Just the idea of a boy's favourite musician trying to awaken him from an endless slumber with a song is deeply moving.
If you're born and bred on Hollywood romance movies, then forget about Song One.
It is far from your typical run-of-the-mill fare.
That said, it is not entirely original, but its down-to-earth qualities help elevate it from being a snoozefest.
With the story revolving around estranged family relationships plus a whirlwind romance, it is so easy to steer into the manipulative, teary territory of Nicholas Sparks movie adaptations.
The first-time feature film director also deserves a pat on the back for her visual storytelling skills, making New York - Brooklyn in particular - even cooler.

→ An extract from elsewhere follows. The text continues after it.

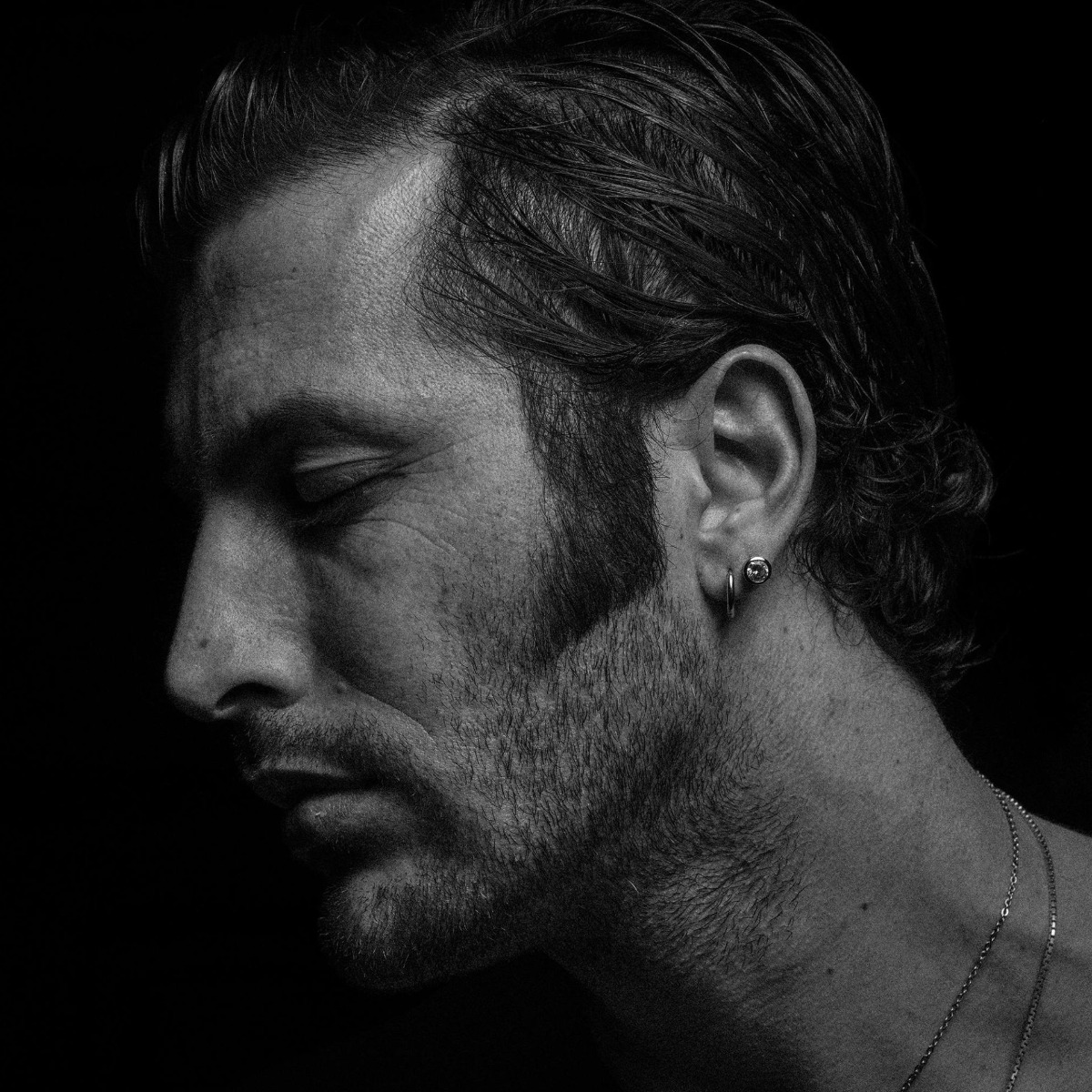 Sideburn Hair Removal NYC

It is a pity though, that with two Oscar winners on board - Hathaway and Steenburgen as Franny's mum - the plot doesn't offer them much to do, though some of the best moments are the touching scenes between the duo.
Flynn is so perfectly cast.
The British newcomer not only looks the part of an indie folk singer, he has the real abilities of singing and playing, making him more mesmerising. It is no wonder Franny has that instant connection with him.
Although their coupling comes a bit fast, their innate chemistry never makes the romance look forced.
While Song One never really soars to a high note, it is nevertheless a sweet tale of how music can heal all wounds.